As a therapist, I know how important it is for us to do our own work. I am learning that this becomes even more crucial as a parent. Part of doing our own work means knowing our hot spots and triggers and making them ours to work on, not our children’s job to fix or make better. For me, the two behaviors that currently most trigger me include my son intentionally trying to hurt his sister by “bonking her over” and his desire to climb on top of furniture and counters and throw everything on the ground. Just a few weeks ago both situations arose as I was trying to make dinner. I surrendered to putting his sister in a backpack while I cooked so he couldn’t “bonk her over.” So instead he decided to turn his energy to throwing everything off the kitchen island. The triggered and irritated part of me really wanted to react and scold. Why was I triggered? I tend to be a talk-oriented person and I was aware of the night slipping away and was becoming hyper focused on feeding my children so we could move to bedtime. I also was annoyed to clean up another mess!

Occasions like this take place for all of us all the time. The recent article written in the New York Times called “Do You Really See Your Child” says that, “Showing up means bringing your whole being — your attention and awareness — into this moment with your child. When we show up, we are mentally and emotionally present for our child right now.” (Siegel, M.D. & Bryson, Ph.D.) In Siegel’s book No Drama Discipline, he talks about teaching our kids to pause and take time for inner reflection in order to reduce impulsivity and reactivity. In order to do this, we have to role model doing the same thing. So Instead of scolding or losing my temper, I took a deep breath and said, “Sweetie, what do you need right now.” He looked at me in all seriousness and said, “Just love.” I couldn’t help but to laugh out loud… and of course smother him in love.
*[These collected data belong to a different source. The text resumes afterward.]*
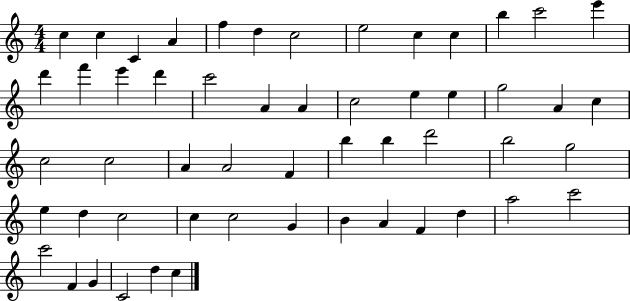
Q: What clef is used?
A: treble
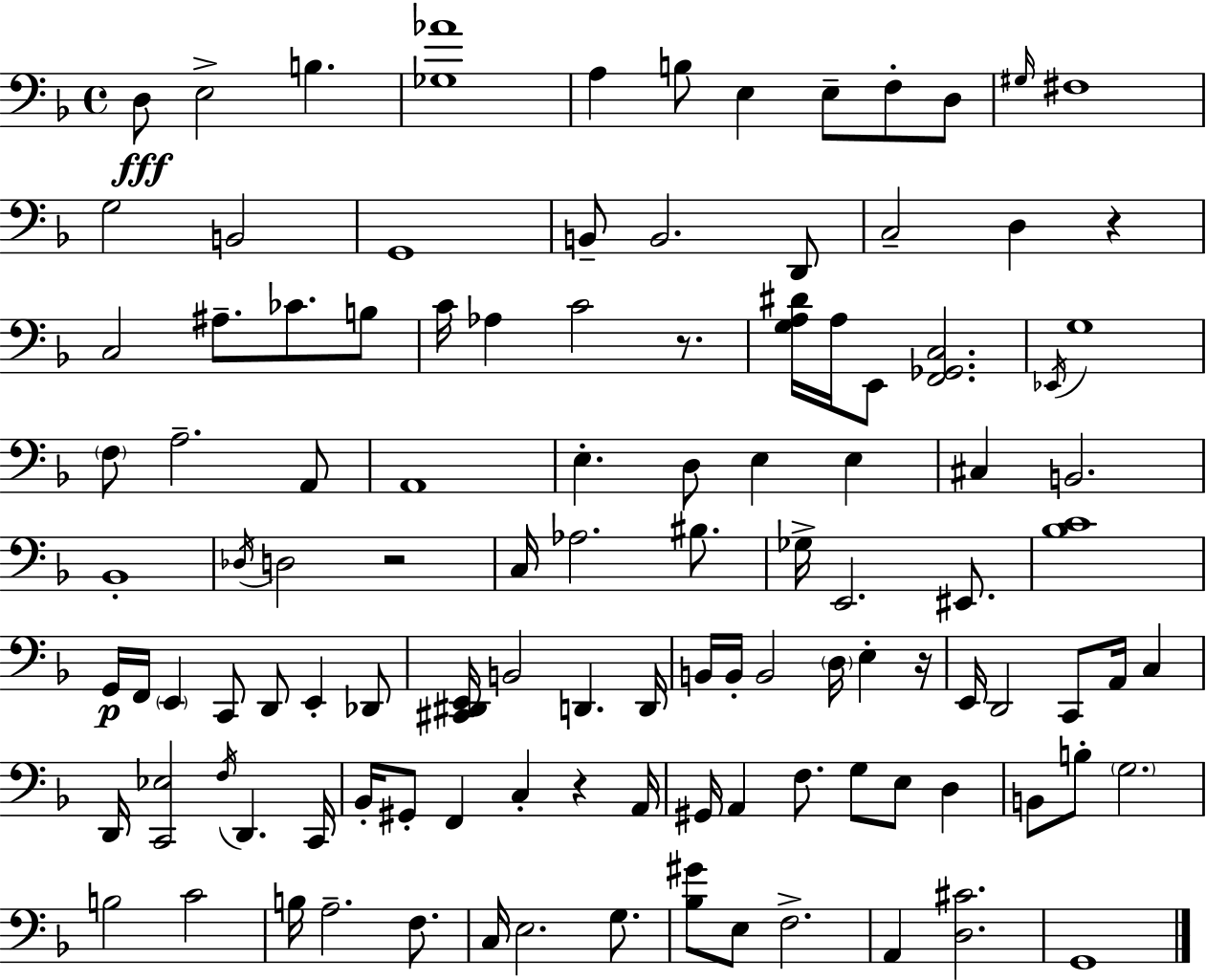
D3/e E3/h B3/q. [Gb3,Ab4]/w A3/q B3/e E3/q E3/e F3/e D3/e G#3/s F#3/w G3/h B2/h G2/w B2/e B2/h. D2/e C3/h D3/q R/q C3/h A#3/e. CES4/e. B3/e C4/s Ab3/q C4/h R/e. [G3,A3,D#4]/s A3/s E2/e [F2,Gb2,C3]/h. Eb2/s G3/w F3/e A3/h. A2/e A2/w E3/q. D3/e E3/q E3/q C#3/q B2/h. Bb2/w Db3/s D3/h R/h C3/s Ab3/h. BIS3/e. Gb3/s E2/h. EIS2/e. [Bb3,C4]/w G2/s F2/s E2/q C2/e D2/e E2/q Db2/e [C#2,D#2,E2]/s B2/h D2/q. D2/s B2/s B2/s B2/h D3/s E3/q R/s E2/s D2/h C2/e A2/s C3/q D2/s [C2,Eb3]/h F3/s D2/q. C2/s Bb2/s G#2/e F2/q C3/q R/q A2/s G#2/s A2/q F3/e. G3/e E3/e D3/q B2/e B3/e G3/h. B3/h C4/h B3/s A3/h. F3/e. C3/s E3/h. G3/e. [Bb3,G#4]/e E3/e F3/h. A2/q [D3,C#4]/h. G2/w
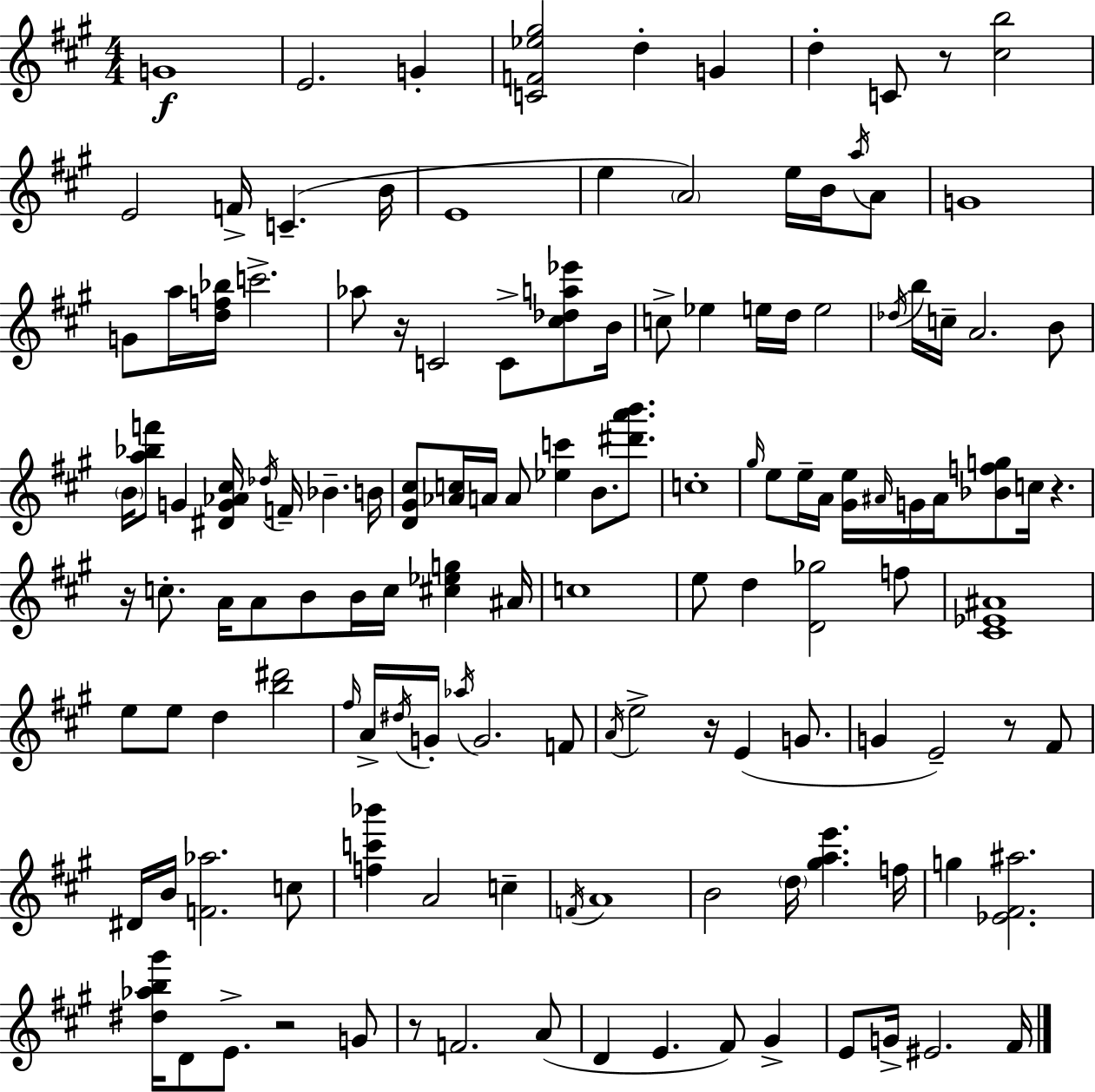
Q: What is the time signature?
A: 4/4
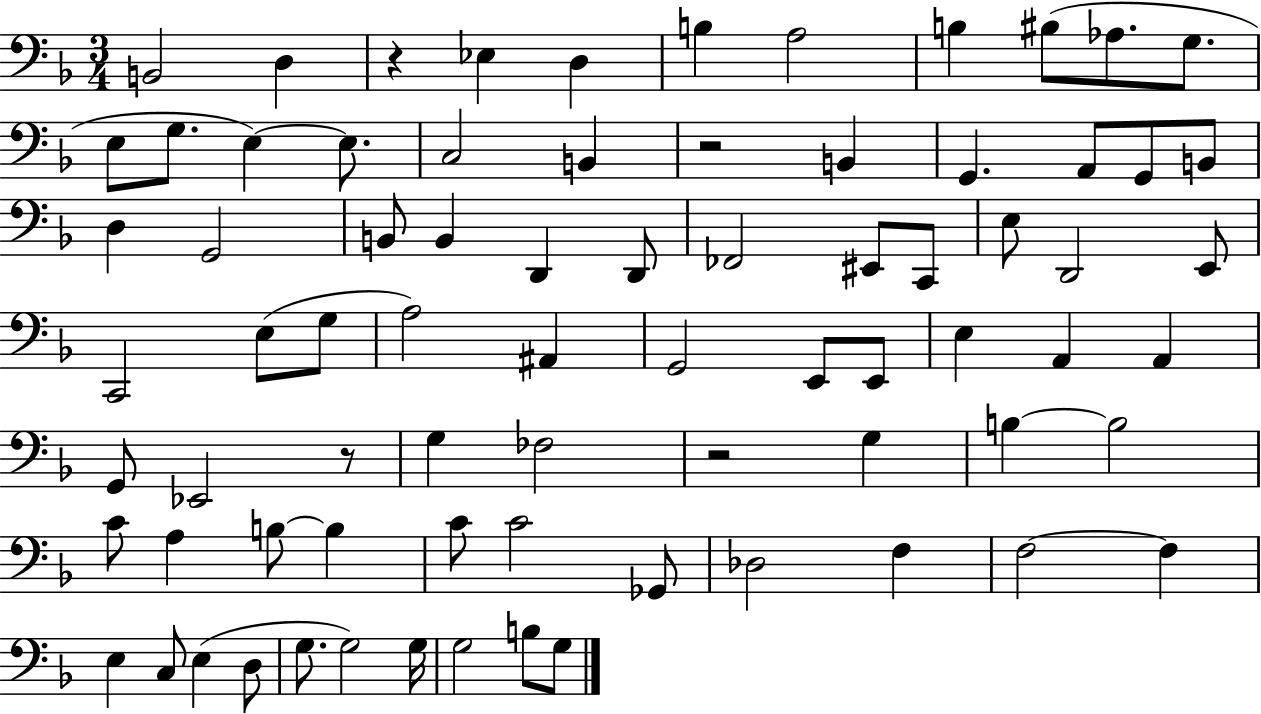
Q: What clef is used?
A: bass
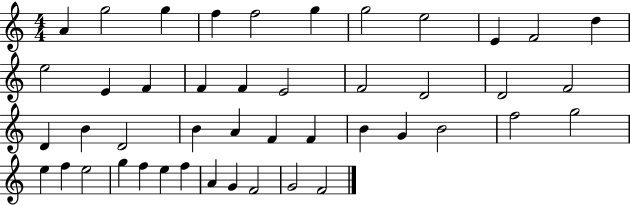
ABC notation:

X:1
T:Untitled
M:4/4
L:1/4
K:C
A g2 g f f2 g g2 e2 E F2 d e2 E F F F E2 F2 D2 D2 F2 D B D2 B A F F B G B2 f2 g2 e f e2 g f e f A G F2 G2 F2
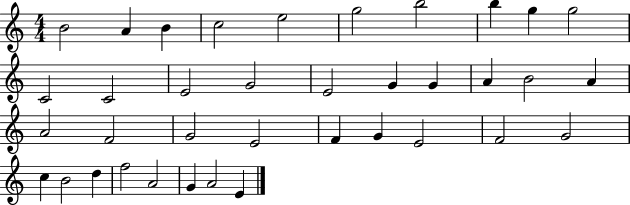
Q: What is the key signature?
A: C major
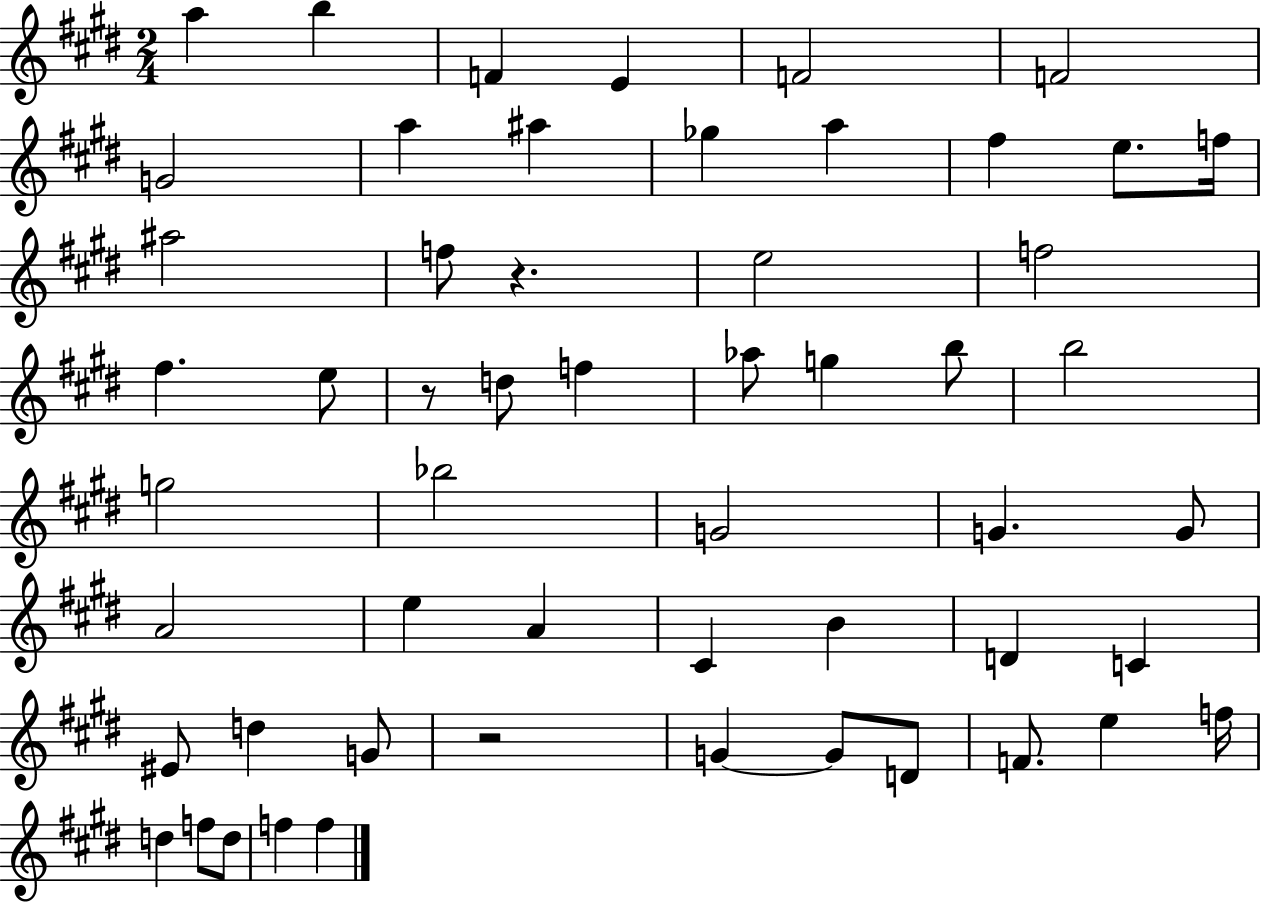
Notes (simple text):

A5/q B5/q F4/q E4/q F4/h F4/h G4/h A5/q A#5/q Gb5/q A5/q F#5/q E5/e. F5/s A#5/h F5/e R/q. E5/h F5/h F#5/q. E5/e R/e D5/e F5/q Ab5/e G5/q B5/e B5/h G5/h Bb5/h G4/h G4/q. G4/e A4/h E5/q A4/q C#4/q B4/q D4/q C4/q EIS4/e D5/q G4/e R/h G4/q G4/e D4/e F4/e. E5/q F5/s D5/q F5/e D5/e F5/q F5/q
Just recently a similar situation happened in the field. One of our clients had just been working on a very emotional letter to his parent. He was interrupted to start a dinner cycle in which he had multiple chores to attend to. At some point in the dinner process while doing his chores, he lost his patience and made a passive aggressive comment to one of the staff members. He came back and apologized and took accountability. The therapist working with him was able to pull staff aside and do some in the moment coaching. She explained that by having him take “accountability” for his actions in the moment we were treating the behavior and missing the opportunity for him to go deeper and explore and then express why he lost his temper. Byfollowing up with this client, it came out that he was feeling really sad and upset about the topics from the letter and really just needed a space to share his feelings and receive validation and love. 

All of our clients “just need love”, but clearly don’t know how to ask for it. In The Journey of the Heroic Parent, Brad Reedy states, “Before rushing to change a child’s behavior, it is crucial to take the time to understand what the behavior might be telling us (p.21).” He goes on to tell us that we may miss an opportunity to discover the core issue if we just focus on the behavior. It is our job as therapists, staff, parents, relatives to see beyond the behavior, move past our own triggers and resulting emotions and offer compassion, love, and acceptance. In doing so, we teach that: it is not “good” behavior that makes them loveable and “bad” behavior that makes them unlovable, that is ok to have a hard time and big emotions and that there are people that will be there for them unconditionally and create a safe place to be raw and vulnerable.